Saves resources: The same resources can be recycled. This has a positive impact on development costs, game performance, and more.
Easier to add variety: You can create UIs with different looks and feel with relatively little effort.
Organize your design
UI/UX artists should always design with a set of key colors and apply them to shared resources as a base.
Please keep your color palette organized and in line with your plans.
Make sure that image resources, etc. are white/gray so that we can colorize them and use them in Unity (they should never be colored by themselves).
If you don't have a structured color palette system or internal tooling in place, try UPalette, an open-source UI color palette system.
Resource management and performance
In UI-centric apps, performance is the responsibility of the designer.
In a UI-centric app, it's safe to say that the UI/UX artist is responsible for over 90% of the app's performance.
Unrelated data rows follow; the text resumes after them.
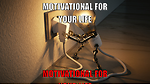 Motivational For Your Life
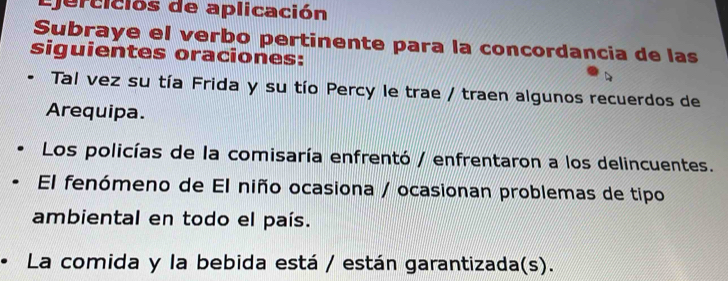 Ejercicios de aplicación 
Subraye el verbo pertinente para la concordancia de las 
siguientes oraciones: 
Tal vez su tía Frida y su tío Percy le trae / traen algunos recuerdos de 
Arequipa. 
Los policías de la comisaría enfrentó / enfrentaron a los delincuentes. 
El fenómeno de El niño ocasiona / ocasionan problemas de tipo 
ambiental en todo el país. 
La comida y la bebida está / están garantizada(s).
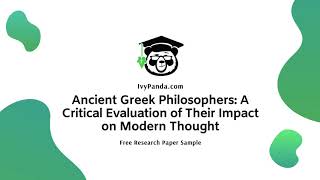 Ancient Greek Philosophers: A Critical Evaluation of Their Impact on Modern Thought | Research Paper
Due to the nature of game engines, most of the performance load comes from resources.
Poor resource management (duplicate resources/too large resources/incorrect sprite atlas management) is a huge performance drain.
Recycle resources as much as possible
Don't create too many different resources.
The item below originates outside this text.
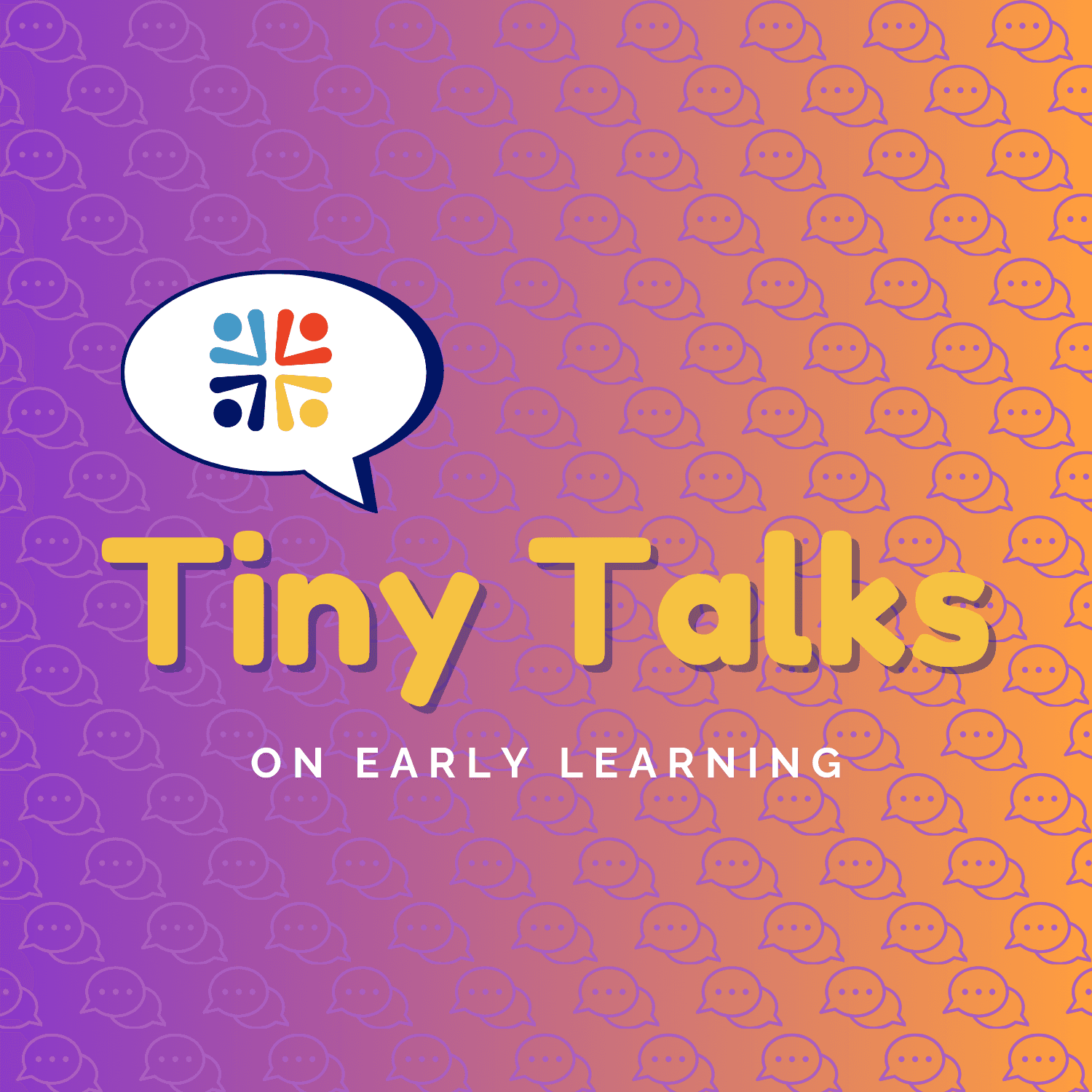 Tiny Talks on Early Learning podcast artwork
Try combining/rearranging/coloring a few basic elements to add variety.
Think 9-Slice
9-Slice is a very common way of using image resources in game engines.
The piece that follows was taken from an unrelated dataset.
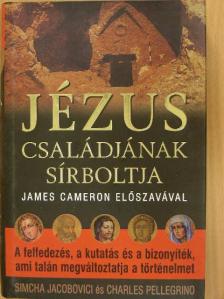 Charles Pellegrino - Jézus családjának sírboltja [antikvár]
It uses an image by slicing it into nine pieces and stretching them.
Think of it as a way of recycling resources - creating a minimum-sized resource and stretching it to use in a variety of sizes.
Please create/manage resources in a form that can be used as 9-Slice in the game engine.
The naming should be consistent with
prefix and postfix
prefix: What comes before.
postfix: trailing.
Establish proper prefix and postfix naming conventions when naming your resources, then start your project.
Projects with inconsistent naming conventions become incredibly unmanageable as they grow in size and as the project progresses.
Let's split folders
Divide your folders appropriately based on where your resources will be used and your different design intentions.
Organize them so they're easy for others to find.
This is also very much related to the Sprite Atlas (performance optimization) below.
Sprite Atlas
Depending on your usage, bundling and managing your Sprite Atlas appropriately can yield significant performance gains.
Other Notes
Notch (safe area)
Most modern smartphones have an area that covers the screen, such as a notch or punch hole.
Artists must take this into account when designing the screen composition.